As condições clínicas na minha estreia com Covid-19 não eram das melhores: tosse seca, calafrios à noite e uma febre que ia e voltava como uma onda no mar. A febre controlava com um antitérmico que Daniel Lledo me enviou pelo mensageiro.
Cabine
A cabine de confinamento é uma cabine normal em tempos de paz e em tempos de guerra. Cama estilo twin, TV com os principais canais abertos, banheiro com ducha, uma decoração moderna, uma gravura interessante de Raimundo Briata na parede e uma varanda que me servirá de quintal nos próximos dias.
Nessas primeiras 12 horas de isolamento fiz todas as refeições e garanto que o paladar e o apetite continuam os mesmos. Destaco o almoço trazido pela guest relations Lizia: peixe grelhado, batata sauté e salada com folhas e legumes. E água, muita água.
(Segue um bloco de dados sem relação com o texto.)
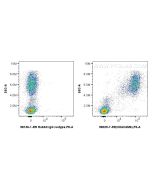 Anti-Human CEACAM6/CD66c Rabbit Recombinant Antibody Proteintech  98329-7-RR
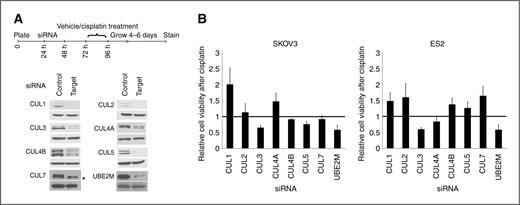 Figure 4. Effect of cullin knockdown on cell survival following cisplatin treatment. Cell viability was assayed using focus formation following control or target-directed siRNA, and in the presence or absence of cisplatin treatment. A, timeline of the experiment and representative protein levels of siRNA targets assessed by Western blotting at the time of cisplatin/vehicle treatment. The bottom panel represents loading control (glyceraldehyde-3-phosphate dehydrogenase). Asterisk represents a cross-reacting band. B, incremental effect on cisplatin-induced cell viability was calculated by dividing the change in cell survival in siRNA + cisplatin-treated cells by that of the siRNA + vehicle cells (survival in both conditions was first normalized to that of control siRNA). A ratio of 1.0 indicated no incremental effect on cisplatin toxicity. Ratios less and more than 1.0 indicated enhancement and antagonism of cisplatin effect, respectively. Data shown are average of 4 independent experiments. Error bars, SEM.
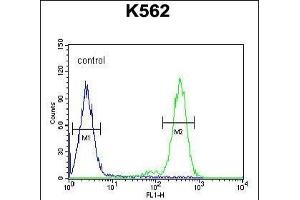 RTP4 Antibody (C-term) (ABIN654495 and ABIN2844227) flow cytometric analysis of K562 cells (right histogram) compared to a negative control(left histogram).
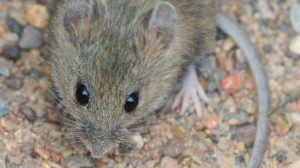 Hantavirus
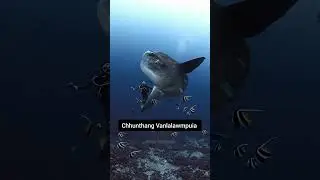 Sangha ruh nei chi zinga lian ber Sunfish/Mola Mola.#fish #bonyfish #largest #videoviral #facts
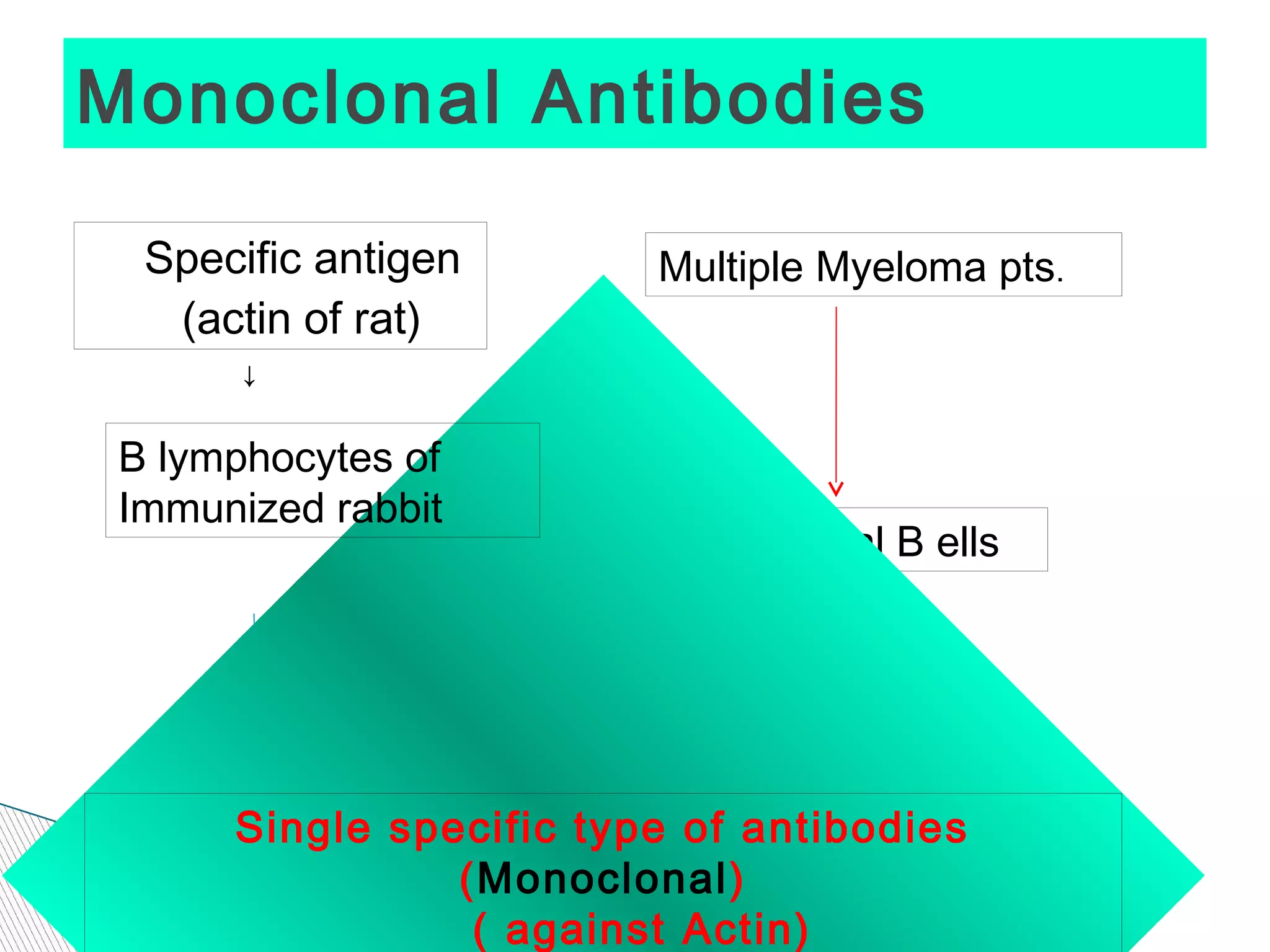 Monoclonal Antibodies

  Specific antigen          Multiple Myeloma pts.
   (actin of rat)
      ↓

 B lymphocytes of
 Immunized rabbit
                            Monoclonal B ells



                Hybridoma cells
                        ↓
      Single specific type of antibodies
                (Monoclonal)
                 ( against Actin)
À tarde precisava tomar um banho mas também driblar os calafrios. Tomo um ibuprofeno e me animo. Evitei molhar a cabeça e não senti frio. Coloquei uma camisa de manga comprida e a bermuda colorida apenas para não me enfiar no pijama às 17h30. Tirei uma foto para ilustrar esse texto. Deu um calorão e tive que tirar a camisa. Fui a varanda e vi, atrás do porto, um ponto de ônibus onde a vida realmente acontece para os soteropolitanos. Converso com Daniel bastante. Ele me passou um WhatsApp com sua programação para amanhã. De meditação a ioga, de pranayama e contemplação do sol, a canto de mantras. É preciso manter certos hábitos que nos ajudam a enfrentar as horas.
Jantar tem opções
À noite, uma espécie de governanta dos serviços de hospedagem, chamada Juliana me liga e pergunta se já havia escolhido os pratos do jantar. Disse que sim. Vou de pescada branca frita crocante com legumes e polenta como entrada, filé de salmão na chapa como prato principal e, de sobremesa, um prato de frutas frescas.
O navio desatraca do porto de Salvador às 23h30 e ruma para Ilhéus. É o primeiro dia do cruzeirista confinado.
Por fim, o antes de dormir, baixei mais um livro no Kindle, de Leon Tostói, pois o que trouxe, O Jardim do Éden, do Ernest Hemingway, é muito chato, um marasmo só.